2011年3月11日は、母のリハビリで、担当の理学療法士の先生が、15時半頃に家に来てくれる日でした。
私は、母をお手伝いのお弟子さんと、その義妹のエリちゃんに任せて、美容院へ行っていました。

帰りに、名古屋高速を運転していて、「今日は、風が強いのか?ハンドルがとられるな〜と思いながら帰り、家に着き、車をとめた途端に、地震で地面が揺れているのだと気づき、慌てて、家の中へ入ると、車椅子に座った母とその横にお手伝いに来ていた2人が座っていてくれました。

子どもの頃に大きな地震を経験している母は「地震だわ」と落ち着いていました。
お手伝いの2人は、1人は、地震の揺れが自分のめまいだと思い、その場に座り込み、(すぐに地震と気がつく)、1人は、開けた冷蔵庫の1番下の引き出しを飛び越えて、母に駆け寄ってくれたようでした。

とりあえず、無事とわかり、30分ほどで到着する理学療法士の先生を待ちました。

到着した先生も「ひどかったですね」と言いながらも、リハビリをはじめて下さいましたが、TVで映る、海岸の様子を皆で見ながらおり、
しばらくして、東京ディズニーランドの液状化現象の様子を観て、「東京ディズニーランドもひどいみたいですね」と私が言った時、リハビリの先生が、一言、「今日、家族会議します。
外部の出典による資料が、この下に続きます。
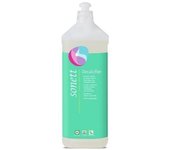Descalcificador 1L Sonett
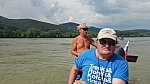 DSCN1087.jpg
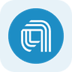 Applied Materials Tokenized Stock (Reality)'s Logo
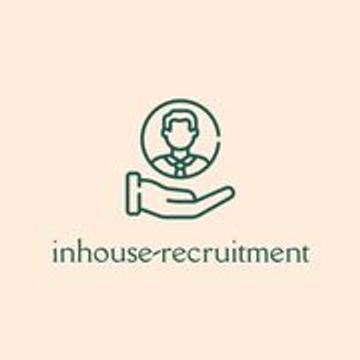 InHouse-Recruitment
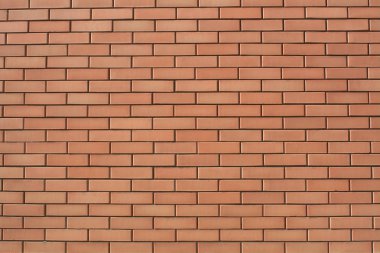  Arka plan kırmızı tuğla duvar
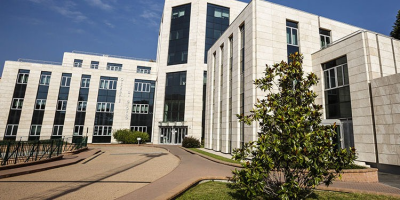 Патологии глаза и обмен опытом: в НИИОЗММ ДЗМ запущен курс для офтальмологов в рамках международных стажировок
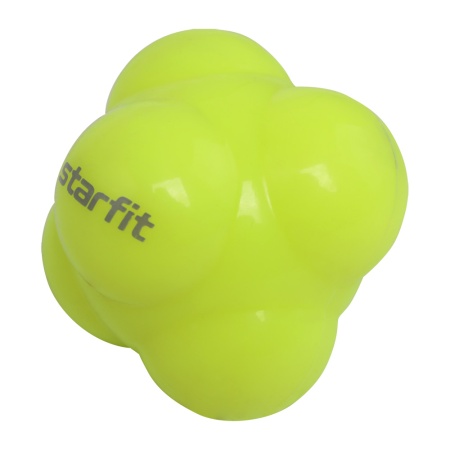 Купить Мяч реакционный Starfit RB-301 в Шагонаре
来週、ディズニーへ行く予定にしてたので」と心配そうな表情になりました。この頃の先生の子どもさんは、たぶんまだ2.3歳だったと思います。

TVを観ているうちにだんだんと事の重大さに気づきましたが、私たちにできる事もなく、その日は、父は、たしか大阪でしたか?それぞれの無事を確認し合いました。
この頃、甥のカークは、アメリカに住んでいましたので、フェイスブックで、安否確認のメッセージを送ってくれていました。 

何日か後に、いつもお世話になっている、岩手県のお寺の住職と連絡をかろうじてとってくれた知り合いが、
「ライフラインが通っていなくて、自分達がどんな状態かよく分からない。」けれど、お寺にもたくさんの非難をして来た人がいて、女性用の衣服などが足りない。と言われている事がわかりました。

なので、道路がどう言う状態か分からないけど、支援の物を持って、トラックを出す人がいると言う話を聞き、少しばかりで役に立たないかもしれないけど、と準備できる物だけを、託しました。

そのご住職と電話でお話しができたのは…それからかなり日が経ってからだったと思います。

が、ご住職の第一声は、「お母様の具合は、どうですか?お父様は、お元気ですか?皆様いかがですか?」と言う言葉でした。

私は、お寺が被災され、しかも、避難のため駆け込まれた方々もあるのに、両親を気遣って下さるそのご住職に電話の前で何度も頭を下げました。

「復興までには、20年はかかると思います」とご住職は、言われていました。

それから何年か経つと、やはり直接の被害では無かった私たちは、つい、震災のことを、忘れてしまいがちでしたが…。

6年後、母が1月に亡くなった2017年の3月11日。私は東京へ行っていたのですが、踊りが終わり、帰りのタクシーが、皇居の前で、信号で止まった時に、ちょうど…皇居から、龍のような形をした雲が、太陽に向かって昇っていくような光景をみて、「3.11の日だ!」と、気づき、「今も天に昇って行く魂もあるのかも?」と…。(私の勝手な思い込みなんですが、)そう感じました。

決して忘れてはいけない日。です。